4. Initialize Terraform

Run terraform init to initialize the Terraform deployment. This command downloads the Azure modules required to manage your Azure resources.

terraform init

5. Create a Terraform execution plan

Run terraform plan to create an execution plan.

terraform plan -out main.tfplan

Key points:

  • The terraform plan command creates an execution plan, but doesn't execute it. Instead, it determines what actions are necessary to create the configuration specified in your configuration files. This pattern allows you to verify whether the execution plan matches your expectations before making any changes to actual resources.
  • The optional -out parameter allows you to specify an output file for the plan. Using the -out parameter ensures that the plan you reviewed is exactly what is applied.
  • To read more about persisting execution plans and security, see the security warning section.

6. Apply a Terraform execution plan

Run terraform apply to apply the execution plan to your cloud infrastructure.

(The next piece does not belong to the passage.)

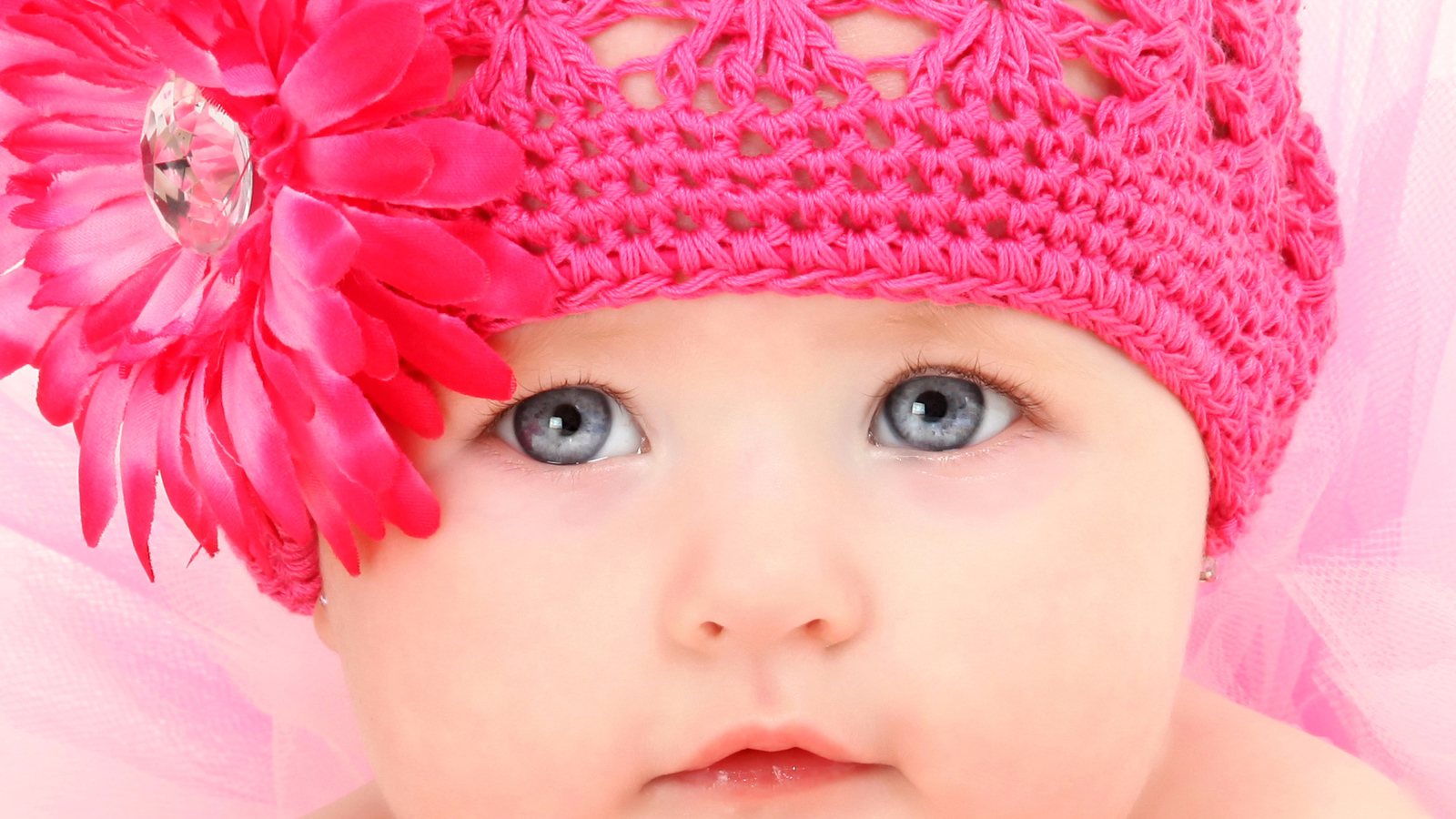 Милая голубоглазая малышка в розовой шапке с цветком герберы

terraform apply main.tfplan

Key points:

  • The terraform apply command above assumes you previously ran terraform plan -out main.tfplan.
  • If you specified a different filename for the -out parameter, use that same filename in the call to terraform apply.
  • If you didn't use the -out parameter, simply call terraform apply without any parameters.

7. Verify the results

  1. Get the resource group name.

    echo "$(terraform output resource_group_name)"
    
  2. Browse to the Azure portal.

  3. Under Azure services, select Resource groups and locate your new resource group to see the following resources created in this demo:

    • Log Analytics Solution: By default, the demo names this solution ContainerInsights. The portal will show the solutions workspace in parenthesis.
    • Log Analytics Workspace: By default, the demo names this workspace with a prefix of TestLogAnalyticsWorkspaceName- followed by a random number.
    • Kubernetes service: By default, the demo names this service k8stest. (A Managed Kubernetes Cluster is also known as an AKS / Azure Kubernetes Service.)
  4. Get the Kubernetes configuration from the Terraform state and store it in a file that kubectl can read.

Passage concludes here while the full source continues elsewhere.